Its important when starting these to provide adequate light - otherwise one ends up with leggy starts. This is why I usually wait until April to start these. Here in Kingston I grow these in pots, using a mix of soil with added compost and organic fertilizer. I usually stake these. I’ll plant them in cells, then 2” pots and grow these until they are about 5” tall with 4-6 leaves, and then transfer them to the garden or into pots around the end of May. When watering, try to use water that has warmed to room temperature, and apply the water at the base, not on the leaves.

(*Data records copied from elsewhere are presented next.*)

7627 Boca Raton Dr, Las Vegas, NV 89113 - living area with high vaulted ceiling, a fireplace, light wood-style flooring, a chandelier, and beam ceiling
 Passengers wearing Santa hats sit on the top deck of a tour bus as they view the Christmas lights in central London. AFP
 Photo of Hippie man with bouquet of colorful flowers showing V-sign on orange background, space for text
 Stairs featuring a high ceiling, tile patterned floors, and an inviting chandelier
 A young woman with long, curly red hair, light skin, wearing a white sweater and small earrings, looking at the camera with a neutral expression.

I typically harvest these for eating when the first blush of red appears on the peppers. The flavor profile is usually the most complex at this stage. Fortunately, these do not ripen all at once! These are great for roasting at this stage as well. The Italians harvest these when these are fully ripe, remove the stem and pickle them in vinegar for later use, such as stuffing and roasting around the Holidays. I like to make a pepper flake with these by drying them and processing these in a food processor. When drying it is best to slice the peppers up due to the thick walls and dry them at 120F in the food dryer. The resulting flakes are both sweet and hot and very rich in flavor.